As jolly old St. Nick ascends into the limelight again
this holiday season, we, your devoted Weather Club
Editorial Staff, thought it key to report first-hand on
local, i.e. North Pole, conditions. We sent station
after station to sniff out the story this past month
only to discover them weeks later sloshing aimlessly
around in the dark, polar cap-melting terrain, not a
Santa or WeatherLink upload in sight.
Just as we were about to lose faith, what to our
wondering eyes should appear, but one small off-hand
response to an innocuous customer survey: the station
"performed well on all my North Pole expeditions. It
packs small and light."
Curtis Lieber, Lead Guide for Global
Expedition Adventures, Inc., and a physician in
Santa Rosa Beach, Florida and the owner of that remark,
fleshed out the story at our request: A few years ago a
patient of his, Earl Miller of South Carolina, invited
him on a hot-air balloon flight over the North Pole.

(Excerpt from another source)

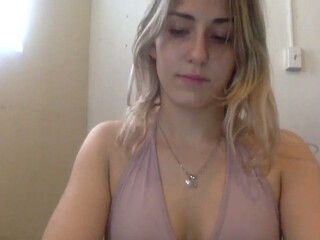 sadieleexo Amazing lady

Curtis, oddly enough, accepted.
April 1997 found Curtis traipsing through the streets
of Moscow, chatting with Inuits and mammoth relics in
Khatanga, Siberia, joining the Russian National Air
Force on a relatively routine mission to establish their
annual base camp in the North Pole, and then launching
from the base camp in a balloon to gust over the Pole
itself. Four balloons launched that year, one American,
one British, one Swedish, and one Austrian (piloted by
former Mir Cosmonaut, Ivan Trifonov). They were
accompanied by 40 parachutists.
Curtis says explorers have a three month window in
which the Pole is both receiving sunlight and is not
made unduly hazardous by melting polar ice caps. Even
so, a blizzard on the end date of the expedition
prevented their return plane from landing for 3
additional days. And when it finally did, says Curtis,
they had to shoot flares at the end of the runway and
rely heftily on GPS to navigate.
Nevertheless, the following year found the doctor
again at the Pole, but this time he was accompanied by a
young journeyman, the wanderlust Weather Wizard III. The
errant station, not daunted by the -1 to -40 degree F
temperatures, close to 0% humidity, and 40 mile per hour
winds, operated on 6 size D batteries and steadfastly
logged the mind-blowing data to a WeatherLink. The
station performed excellently, reports Curtis, although
the anemometer had to be recalibrated almost daily due
to the constant floating of the base camp - 12 to 20
miles through the night - which posed a particularly
tricky prospect, given the uselessness of magnetic
compasses near the Pole. On the up side, by keeping the
console inside the heated tent, Curtis thinks the LED
display emerged from the Pole without freezing even
Curtis and the Wizard are now 2 of the 0.00004% of
the present world's population who have ever visited the
North Pole. Curtis says that, while camping out on that
"frozen corpse on top of the world," 1500 miles away
from any life, he's "never felt so far away from loved
ones." Yet, fighting fatigue, dehydration and the
disruption of the 24 hour circadian rhythm, Curtis says
he never felt more alive.
The doctor's planning another trip for next April, as
well as one to the Amazon later in the year, and is
looking for folks who'd like to either go along or help
sponsor the trip. Because of the expensive equipment
(amazingly, he was never cold!), the North Pole trip
costs $8000 per participant. He invites all interested
parties to contact him at
curtisLieber@prodigy.net for more information.
Thanks for the Santaland report, Curtis, and please
keep us informed (especially about any elf sightings)!